Gender marketing is becoming obsolete
In this landscape, alighting on a demographic to sell to is more likely to come off as offensive, rather than being a savvy strategic direction. So how do you design a process where you corner a specific audience now? Speaking at our recent webinar, the Post-Gender Generation, Vincent Panzanella Global Head of PR, Culture, and Lifestyle at consumer goods company Reckitt volunteered a few smart ideas:
“When we talk to our communities about our brands, we don’t think about gender. We see them in what we have identified as consumer-centric groups, these tribes of people who come together, share interests and align with one another… We talk about their passion points, where their emotions take them, what gets them excited, what upsets them. How important is it for them to better the world.”

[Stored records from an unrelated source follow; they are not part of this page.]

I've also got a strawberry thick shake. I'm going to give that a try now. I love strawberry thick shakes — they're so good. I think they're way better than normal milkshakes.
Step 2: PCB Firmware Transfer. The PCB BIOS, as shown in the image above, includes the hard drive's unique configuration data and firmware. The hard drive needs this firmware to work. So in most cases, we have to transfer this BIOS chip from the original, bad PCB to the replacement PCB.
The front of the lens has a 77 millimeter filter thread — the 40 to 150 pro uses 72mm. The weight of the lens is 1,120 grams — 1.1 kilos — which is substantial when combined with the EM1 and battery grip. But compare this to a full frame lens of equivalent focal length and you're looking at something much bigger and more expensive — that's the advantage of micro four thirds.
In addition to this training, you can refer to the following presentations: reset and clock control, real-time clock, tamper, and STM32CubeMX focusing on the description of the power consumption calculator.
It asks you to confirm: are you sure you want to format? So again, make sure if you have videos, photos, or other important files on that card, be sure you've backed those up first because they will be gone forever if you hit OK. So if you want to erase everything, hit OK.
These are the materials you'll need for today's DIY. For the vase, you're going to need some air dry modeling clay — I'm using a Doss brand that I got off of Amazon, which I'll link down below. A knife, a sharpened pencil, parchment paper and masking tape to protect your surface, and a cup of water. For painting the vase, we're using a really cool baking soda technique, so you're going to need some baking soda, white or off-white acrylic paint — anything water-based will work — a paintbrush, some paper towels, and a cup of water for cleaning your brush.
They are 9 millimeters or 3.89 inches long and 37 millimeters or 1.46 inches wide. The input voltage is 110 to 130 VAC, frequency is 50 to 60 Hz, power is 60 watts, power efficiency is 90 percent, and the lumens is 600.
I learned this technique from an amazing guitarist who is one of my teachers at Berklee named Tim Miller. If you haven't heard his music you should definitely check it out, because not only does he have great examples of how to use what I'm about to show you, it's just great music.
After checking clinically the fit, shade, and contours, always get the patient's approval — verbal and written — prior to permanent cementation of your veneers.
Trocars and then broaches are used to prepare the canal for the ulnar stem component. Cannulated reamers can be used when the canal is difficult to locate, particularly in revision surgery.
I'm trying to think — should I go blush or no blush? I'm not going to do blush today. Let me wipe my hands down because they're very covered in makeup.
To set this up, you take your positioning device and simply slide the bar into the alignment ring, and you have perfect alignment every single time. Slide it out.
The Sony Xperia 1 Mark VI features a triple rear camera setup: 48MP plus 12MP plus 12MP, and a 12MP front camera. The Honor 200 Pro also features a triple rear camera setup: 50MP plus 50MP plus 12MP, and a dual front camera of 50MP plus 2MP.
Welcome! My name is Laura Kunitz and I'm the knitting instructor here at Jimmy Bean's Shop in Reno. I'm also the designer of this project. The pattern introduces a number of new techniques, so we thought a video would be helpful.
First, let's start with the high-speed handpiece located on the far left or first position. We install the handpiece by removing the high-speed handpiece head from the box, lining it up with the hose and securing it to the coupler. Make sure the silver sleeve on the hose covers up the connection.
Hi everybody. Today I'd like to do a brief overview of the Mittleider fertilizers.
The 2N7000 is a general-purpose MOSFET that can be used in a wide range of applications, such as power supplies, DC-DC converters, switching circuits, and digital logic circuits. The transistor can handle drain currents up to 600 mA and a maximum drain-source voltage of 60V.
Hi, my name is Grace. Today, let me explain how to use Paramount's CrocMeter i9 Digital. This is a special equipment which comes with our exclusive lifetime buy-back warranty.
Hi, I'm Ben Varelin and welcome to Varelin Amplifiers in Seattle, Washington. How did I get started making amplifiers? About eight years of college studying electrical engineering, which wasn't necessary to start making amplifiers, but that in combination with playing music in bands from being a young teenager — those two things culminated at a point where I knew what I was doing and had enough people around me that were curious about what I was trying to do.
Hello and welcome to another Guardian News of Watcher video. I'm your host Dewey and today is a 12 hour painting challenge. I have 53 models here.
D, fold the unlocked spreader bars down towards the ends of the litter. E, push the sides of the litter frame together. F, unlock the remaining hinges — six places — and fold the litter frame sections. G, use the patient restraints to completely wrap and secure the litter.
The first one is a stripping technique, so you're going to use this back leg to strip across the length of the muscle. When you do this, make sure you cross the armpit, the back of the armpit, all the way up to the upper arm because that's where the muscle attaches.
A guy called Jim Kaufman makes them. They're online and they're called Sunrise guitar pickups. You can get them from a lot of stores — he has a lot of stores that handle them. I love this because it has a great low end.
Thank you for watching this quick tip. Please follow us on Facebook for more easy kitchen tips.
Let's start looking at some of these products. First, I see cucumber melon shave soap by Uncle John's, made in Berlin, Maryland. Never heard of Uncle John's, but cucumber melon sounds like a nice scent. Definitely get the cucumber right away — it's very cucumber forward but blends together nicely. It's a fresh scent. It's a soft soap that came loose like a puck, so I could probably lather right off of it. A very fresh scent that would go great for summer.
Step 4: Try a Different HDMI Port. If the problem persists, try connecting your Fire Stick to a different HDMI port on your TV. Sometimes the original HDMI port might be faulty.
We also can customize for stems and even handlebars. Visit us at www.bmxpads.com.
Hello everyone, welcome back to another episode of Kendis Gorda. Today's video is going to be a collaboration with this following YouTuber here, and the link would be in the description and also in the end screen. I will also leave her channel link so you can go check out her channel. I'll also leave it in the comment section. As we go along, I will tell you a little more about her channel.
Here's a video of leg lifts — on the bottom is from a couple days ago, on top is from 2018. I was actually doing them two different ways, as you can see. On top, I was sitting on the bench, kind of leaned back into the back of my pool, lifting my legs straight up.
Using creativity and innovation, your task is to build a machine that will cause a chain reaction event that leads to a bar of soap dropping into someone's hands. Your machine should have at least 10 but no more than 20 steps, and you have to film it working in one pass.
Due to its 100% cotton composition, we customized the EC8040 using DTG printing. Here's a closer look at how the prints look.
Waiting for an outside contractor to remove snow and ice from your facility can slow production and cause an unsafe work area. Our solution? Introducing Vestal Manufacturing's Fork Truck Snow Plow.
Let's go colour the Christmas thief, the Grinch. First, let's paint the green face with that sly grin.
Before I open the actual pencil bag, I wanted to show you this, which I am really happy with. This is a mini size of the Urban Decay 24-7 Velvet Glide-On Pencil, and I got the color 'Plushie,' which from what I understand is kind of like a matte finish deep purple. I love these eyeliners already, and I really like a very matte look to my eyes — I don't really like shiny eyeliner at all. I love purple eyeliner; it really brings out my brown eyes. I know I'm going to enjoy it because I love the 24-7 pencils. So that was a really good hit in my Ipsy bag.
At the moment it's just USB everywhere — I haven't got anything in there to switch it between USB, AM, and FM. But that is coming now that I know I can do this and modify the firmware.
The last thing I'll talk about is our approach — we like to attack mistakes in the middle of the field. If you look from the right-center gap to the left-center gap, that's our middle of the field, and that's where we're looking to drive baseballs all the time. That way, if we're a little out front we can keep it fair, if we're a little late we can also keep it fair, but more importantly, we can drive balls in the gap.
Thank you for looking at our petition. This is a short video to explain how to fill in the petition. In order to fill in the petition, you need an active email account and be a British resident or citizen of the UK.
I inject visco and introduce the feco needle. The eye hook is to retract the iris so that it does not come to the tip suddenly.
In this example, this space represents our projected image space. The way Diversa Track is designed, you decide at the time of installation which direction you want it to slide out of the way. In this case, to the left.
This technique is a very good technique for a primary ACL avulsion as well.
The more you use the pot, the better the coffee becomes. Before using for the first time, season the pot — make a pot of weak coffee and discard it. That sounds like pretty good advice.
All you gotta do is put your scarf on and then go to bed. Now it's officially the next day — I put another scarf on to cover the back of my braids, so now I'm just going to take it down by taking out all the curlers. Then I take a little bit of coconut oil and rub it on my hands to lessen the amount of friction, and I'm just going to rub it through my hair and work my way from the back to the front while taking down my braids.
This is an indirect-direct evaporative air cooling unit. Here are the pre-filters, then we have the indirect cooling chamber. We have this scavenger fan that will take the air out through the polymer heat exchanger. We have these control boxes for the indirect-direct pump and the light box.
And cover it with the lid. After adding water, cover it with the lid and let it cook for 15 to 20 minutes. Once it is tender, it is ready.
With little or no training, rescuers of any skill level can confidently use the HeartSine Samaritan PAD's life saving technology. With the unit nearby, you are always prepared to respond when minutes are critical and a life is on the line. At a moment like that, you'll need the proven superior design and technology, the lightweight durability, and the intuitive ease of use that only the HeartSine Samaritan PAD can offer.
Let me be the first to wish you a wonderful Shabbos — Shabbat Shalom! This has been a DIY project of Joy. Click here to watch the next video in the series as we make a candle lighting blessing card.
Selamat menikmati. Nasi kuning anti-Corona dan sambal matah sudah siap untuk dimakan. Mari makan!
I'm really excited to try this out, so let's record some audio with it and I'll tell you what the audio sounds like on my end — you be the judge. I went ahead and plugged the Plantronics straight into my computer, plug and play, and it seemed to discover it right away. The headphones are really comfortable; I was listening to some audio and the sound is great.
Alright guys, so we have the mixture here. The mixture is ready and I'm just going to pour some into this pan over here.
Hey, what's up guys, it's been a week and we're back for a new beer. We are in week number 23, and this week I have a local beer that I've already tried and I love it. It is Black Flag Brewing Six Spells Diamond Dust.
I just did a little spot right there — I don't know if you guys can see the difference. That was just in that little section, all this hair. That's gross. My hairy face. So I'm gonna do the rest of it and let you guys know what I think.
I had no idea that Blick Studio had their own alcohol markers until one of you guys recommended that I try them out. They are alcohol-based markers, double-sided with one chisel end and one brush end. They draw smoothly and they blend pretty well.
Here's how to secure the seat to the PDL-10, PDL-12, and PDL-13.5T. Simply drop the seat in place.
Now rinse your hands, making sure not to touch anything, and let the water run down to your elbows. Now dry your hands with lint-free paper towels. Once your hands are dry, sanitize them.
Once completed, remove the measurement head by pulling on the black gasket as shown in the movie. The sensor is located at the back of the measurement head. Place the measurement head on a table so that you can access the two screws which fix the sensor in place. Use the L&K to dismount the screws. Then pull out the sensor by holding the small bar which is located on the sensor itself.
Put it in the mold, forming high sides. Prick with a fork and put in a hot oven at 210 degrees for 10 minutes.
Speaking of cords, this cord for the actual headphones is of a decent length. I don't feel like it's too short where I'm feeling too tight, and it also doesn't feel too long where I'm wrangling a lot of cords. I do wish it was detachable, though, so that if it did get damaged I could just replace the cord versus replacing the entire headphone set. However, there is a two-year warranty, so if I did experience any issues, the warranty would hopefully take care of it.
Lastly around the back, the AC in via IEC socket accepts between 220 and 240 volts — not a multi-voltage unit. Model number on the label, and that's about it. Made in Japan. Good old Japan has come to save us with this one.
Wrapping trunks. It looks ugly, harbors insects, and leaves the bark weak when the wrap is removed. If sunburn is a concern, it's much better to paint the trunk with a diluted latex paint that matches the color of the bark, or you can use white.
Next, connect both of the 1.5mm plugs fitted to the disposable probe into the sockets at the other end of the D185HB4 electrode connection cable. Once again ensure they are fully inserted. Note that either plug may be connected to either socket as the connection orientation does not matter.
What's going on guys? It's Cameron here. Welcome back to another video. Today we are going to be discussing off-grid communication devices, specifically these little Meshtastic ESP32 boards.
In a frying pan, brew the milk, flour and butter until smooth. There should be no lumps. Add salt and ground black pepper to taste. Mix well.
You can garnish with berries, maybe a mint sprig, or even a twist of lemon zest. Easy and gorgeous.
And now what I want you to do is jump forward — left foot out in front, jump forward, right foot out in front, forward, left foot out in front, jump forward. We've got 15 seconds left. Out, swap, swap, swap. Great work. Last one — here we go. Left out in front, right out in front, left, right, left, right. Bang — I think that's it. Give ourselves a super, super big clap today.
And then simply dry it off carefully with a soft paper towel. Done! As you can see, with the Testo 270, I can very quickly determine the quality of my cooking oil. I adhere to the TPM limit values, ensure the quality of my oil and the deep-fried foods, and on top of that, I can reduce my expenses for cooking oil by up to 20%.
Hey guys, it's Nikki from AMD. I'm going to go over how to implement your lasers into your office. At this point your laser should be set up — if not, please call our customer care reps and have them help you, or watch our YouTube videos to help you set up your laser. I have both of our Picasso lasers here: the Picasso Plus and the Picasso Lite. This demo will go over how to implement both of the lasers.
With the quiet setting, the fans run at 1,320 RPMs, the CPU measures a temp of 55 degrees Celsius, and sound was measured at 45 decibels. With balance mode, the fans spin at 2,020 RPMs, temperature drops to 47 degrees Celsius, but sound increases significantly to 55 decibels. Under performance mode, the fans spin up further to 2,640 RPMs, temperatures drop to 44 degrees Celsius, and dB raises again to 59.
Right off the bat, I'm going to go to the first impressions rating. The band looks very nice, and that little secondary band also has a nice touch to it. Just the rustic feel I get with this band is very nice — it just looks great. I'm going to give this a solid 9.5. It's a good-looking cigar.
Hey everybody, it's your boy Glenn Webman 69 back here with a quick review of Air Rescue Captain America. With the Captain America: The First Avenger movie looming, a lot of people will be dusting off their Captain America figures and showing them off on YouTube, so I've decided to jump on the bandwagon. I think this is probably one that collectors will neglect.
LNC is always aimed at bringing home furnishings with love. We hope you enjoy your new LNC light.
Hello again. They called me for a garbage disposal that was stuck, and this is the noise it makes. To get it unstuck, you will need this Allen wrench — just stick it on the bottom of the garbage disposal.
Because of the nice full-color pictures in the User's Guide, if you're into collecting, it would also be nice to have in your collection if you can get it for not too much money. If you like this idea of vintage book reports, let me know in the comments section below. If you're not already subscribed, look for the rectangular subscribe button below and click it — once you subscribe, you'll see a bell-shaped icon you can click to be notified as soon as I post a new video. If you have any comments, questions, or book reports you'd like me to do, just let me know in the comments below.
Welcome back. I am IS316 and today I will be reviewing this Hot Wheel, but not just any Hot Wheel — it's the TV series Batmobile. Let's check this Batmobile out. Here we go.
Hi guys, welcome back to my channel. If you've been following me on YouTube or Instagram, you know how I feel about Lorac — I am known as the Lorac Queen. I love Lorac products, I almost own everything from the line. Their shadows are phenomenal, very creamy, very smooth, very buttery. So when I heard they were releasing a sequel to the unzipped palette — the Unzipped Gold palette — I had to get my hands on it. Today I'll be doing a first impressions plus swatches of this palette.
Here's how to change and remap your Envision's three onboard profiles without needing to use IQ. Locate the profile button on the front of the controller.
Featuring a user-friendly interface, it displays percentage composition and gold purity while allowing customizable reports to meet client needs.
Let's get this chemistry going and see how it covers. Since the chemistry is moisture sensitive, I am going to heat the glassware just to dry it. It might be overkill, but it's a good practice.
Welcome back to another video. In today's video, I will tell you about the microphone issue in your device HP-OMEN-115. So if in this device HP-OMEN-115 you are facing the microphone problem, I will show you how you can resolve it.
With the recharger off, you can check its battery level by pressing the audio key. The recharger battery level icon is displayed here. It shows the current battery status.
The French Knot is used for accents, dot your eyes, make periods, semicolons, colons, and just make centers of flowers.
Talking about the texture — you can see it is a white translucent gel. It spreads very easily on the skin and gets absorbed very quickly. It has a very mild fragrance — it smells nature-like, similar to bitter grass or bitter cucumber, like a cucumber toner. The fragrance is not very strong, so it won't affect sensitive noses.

Adopt a non-binary approach to marketing
There is a clear opportunity for companies to switch their thinking and speak more appropriately to their customers. Off-White is a brand that has garnered great fervour for its approach to gender (which is to sort of ignore it). The brand recently made its first foray into the beauty sector with a neutral line called Paperwork. Right now, it is comprised of four gender-neutral scents called Solutions. To eschew gender altogether, the packaging is inspired by industrial design, the lid of its bottle looks a bit like a radiator faucet.
Others are training their sights on eradicating future gender biases. Virtue, the creative division of Vice has come up with a way to combat gender bias in artificial intelligence. The invention? A genderless Siri-style voice that isn’t quite a man, nor a woman. This, the company hopes, will stop brands from falling into the bias of using male voices in authoritative ways, like in banking, insurance, and the like, and female ones in service-orientated situations, like in hospitality or customer care.
The question of gender in marketing is likely to be a complicated one for decades to come. But companies that fail to speak to audiences beyond their pronouns will soon feel as outdated as vintage Madison Avenue ads that sell stockings to women, and beer to men.